A collection of runbooks for alert rules that are shipped with OpenShift.
OpenShift Container Platform is shipping a finely tuned set of alerts to inform the cluster's owner and/or operator of events and bad conditions in the cluster. This repository is a consistently growing collection of runbooks for said alerts, that are intended to guide a cluster owner and/or operator through the steps of fixing problems on clusters, which are surfaced by alerts.
Going forward, alerts in OpenShift will ship a link to the corresponding runbook
in this repository, to make fixing problems even easier. Link should be passed
as runbook_url
field in alert annotations (example)
Runbooks in this repository are grouped by the operator that is responsible for shipping the respective alert. This results in a structure as follows:
root/alerts/operator_repository_name/some_alert.md
The root folder contains all information and files required for this repository in general, while all runbooks live in their respective subfolder.

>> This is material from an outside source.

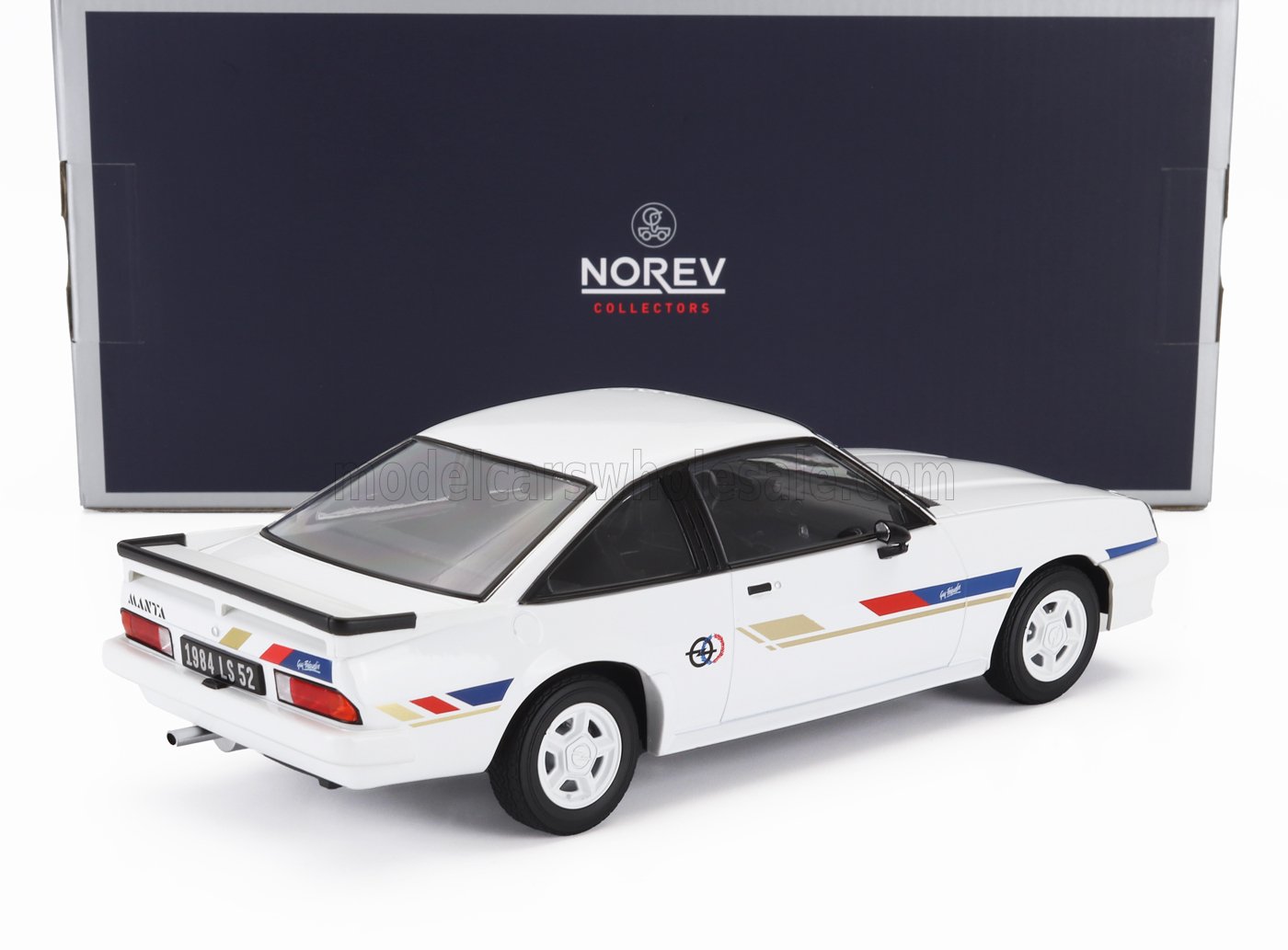 White Opel Manta model car with red, blue, and gold stripes, displayed in front of Norev Collectors box, also available on Vroomi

If your operator has not shipped any runbooks so far, please create a subfolder following the repository layout and place an OWNERS file in it. The OWNERS file should be the same as the one in the operator's main repository. Additionally add all runbooks to said folder that you want to contribute.
We are welcoming any contributions! While Red Hat is going to keep adding more runbooks for new alerts as they surface, we would also love to extend existing runbooks with any real world experiences that cluster owners or operators have made.
Steps to your contribution are outlined below:
- Fork this repository
- Make your change (We recommend using a branch in your fork.)
- Submit a Pull Request
Our integrations and bots will walk you through any other required steps, like assigning someone to look at your PR, or inform you if tests are failing.